Plot: A murder has taken place in an old, dark house, but elderly resident Juliet (Elizabeth Patterson) still needs extensive care, so Nurse Adams (Joan Blondell) arrives the next night. Inspector Patten (George Brent) is assigned to the case and he is a skilled detective, but the house is filled with potential suspects and of course, few are keen to assist the investigation. But Nurse Adams is a constant presence in the house now, so she is able to keep her eyes and ears open, then turn over the information she gathers to Patten to decipher. As the pair work together to solve the case, the tension in the house escalates and danger lurks around every corner. Can Adams uncover the truth and crack the case, or will she wind up as the next victim?
Entertainment Value: I’ve seen a lot of critics bash Miss Pinkerton as disposable and littered with red herrings, but I think it is a light, fun pre-code thriller that has some fun horror movie vibes. I don’t mind the movie’s brisk presence at all, as not all films need to be deep, memorable experiences and a fun, sometimes ridiculous murder mystery is just what I need sometimes. I can see why the parade of false suspects might throw some viewers off, but I think it reaches absurd levels and that is a lot of fun, especially since the movie isn’t exactly deadly serious at all times. The tension is fine and the atmosphere is effective, as the film sometimes veers into the old school horror realm, with a creaky, shadow filled house to explore. The horror elements are sparse, but fun to watch and Joan Blondell embraces those moments, unleashing some epic and ear piercing screams as punctuation. This might be a slight, sometimes silly thriller, but I found Miss Pinkerton to be a brisk, fun watch.
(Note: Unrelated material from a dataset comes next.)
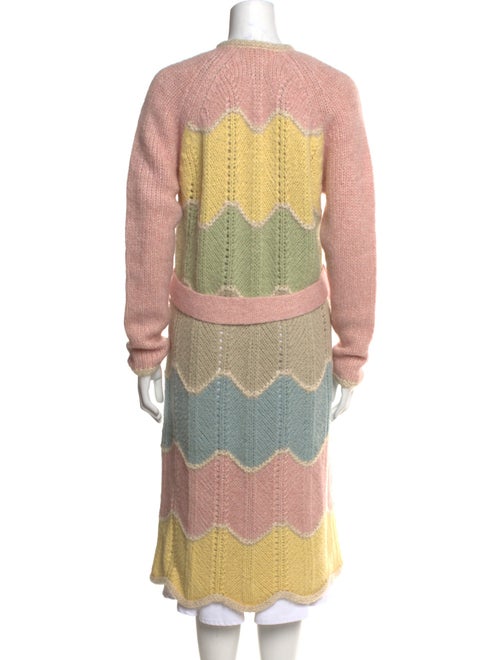 LoveShackFancy Printed V-Neck Sweater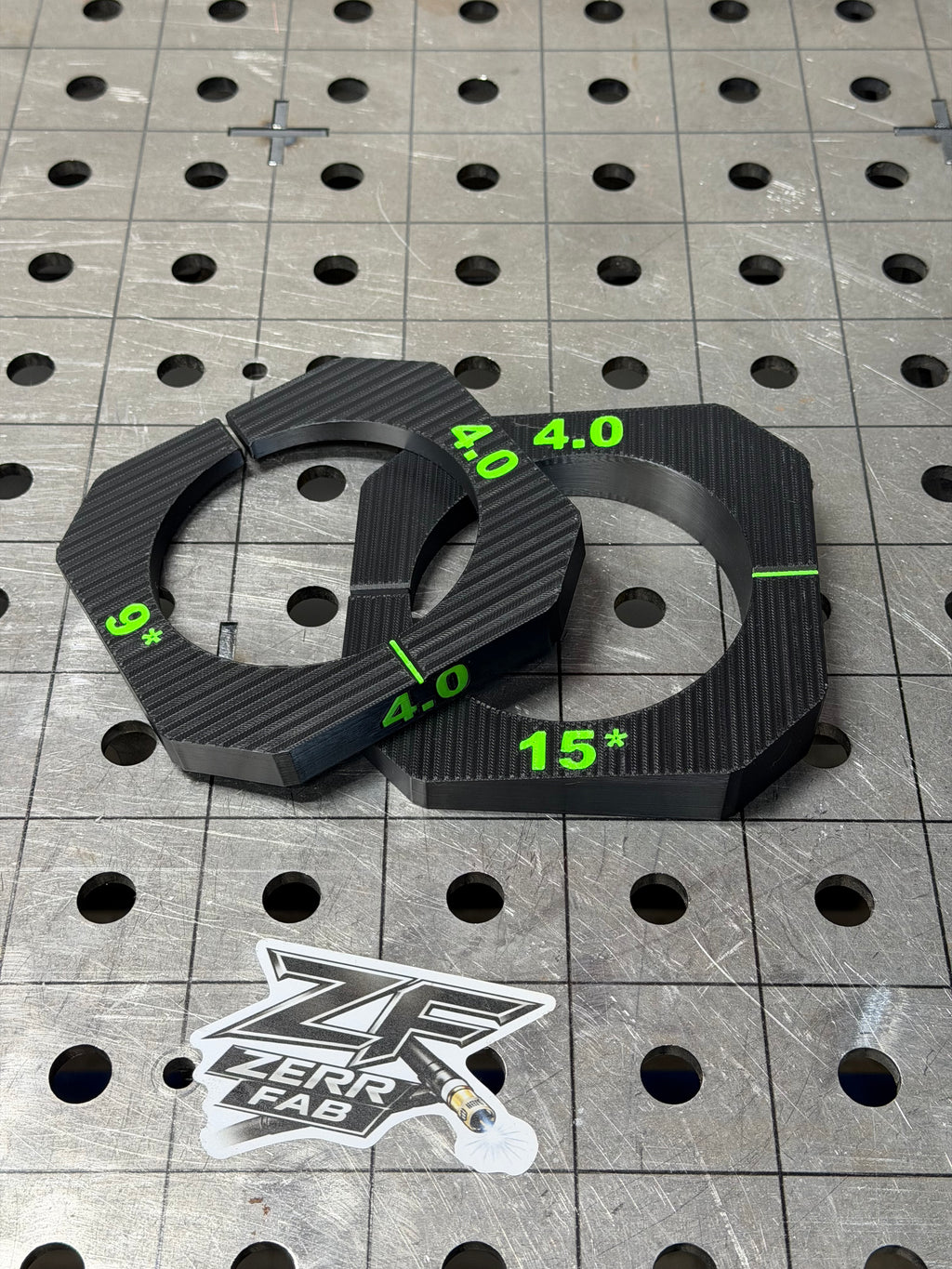 Pipe Pie Cut Jigs - Single Sizes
The main reason I enjoyed this one so much was the presence of Joan Blondell, who turns in an enthusiastic and charismatic performance. Nurse Adams is so bored with her work that she jokingly contemplates suicide, so once some excitement arises, she dives in headfirst. Blondell delivers a broad effort here, so those looking for nuanced, subtle performances might be let down, but given the over the top narrative and horror threads, her melodramatic turn makes sense. Blondell makes a capable scream queen and runs with the scarier sequences, with visceral screams, wide eyes, and a penchant to faint. I think she is just immense fun in this role and elevates the entire movie, so she is a terrific lead here. George Brent is also around and has good chemistry with Blondell, so their banter feels natural and the tease of romance never comes off as forced. Brent’s performance is solid, but Blondell is so energetic, she tends to outshine whoever else is on screen. The cast also includes John Wray, Elizabeth Patterson, Ruth Hall, and C. Henry Gordon.